● ACTION ITEM: Please copy the listing that follows exactly, leaving out any pictures.

● EXERCISE DATA:

——

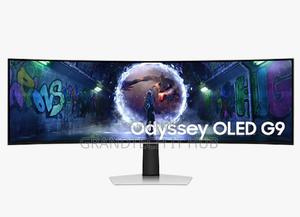 Samsung G932 49" DQHD Oled Curved Gaming5k Silver Monitor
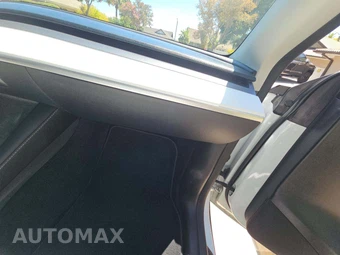 2022 Tesla Model Y Long Range - miniatura 17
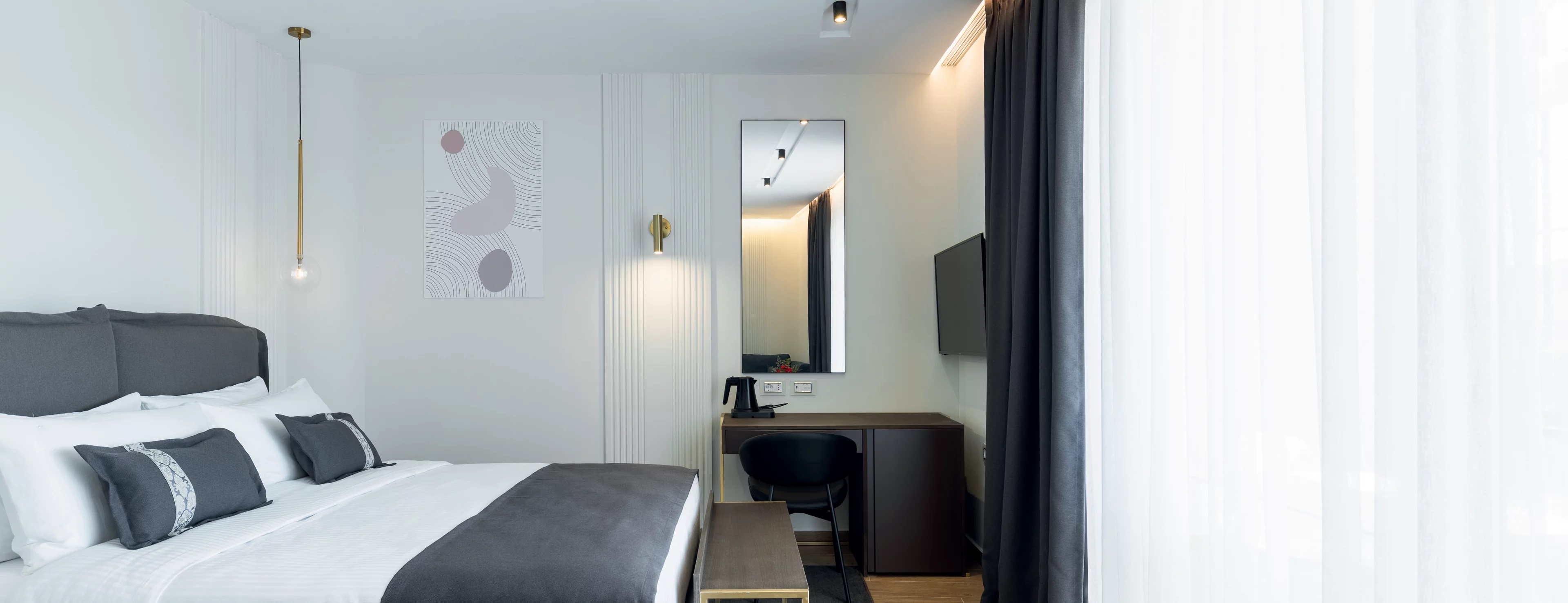 Movenpick Hotel Lalez Durres-Deluxe soba pogled suma.jpg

——

● WRITTEN SOLUTION:
 Samsung G932 49" DQHD Oled Curved Gaming5k Silver Monitor
 2022 Tesla Model Y Long Range - miniatura 17
 Movenpick Hotel Lalez Durres-Deluxe soba pogled suma.jpg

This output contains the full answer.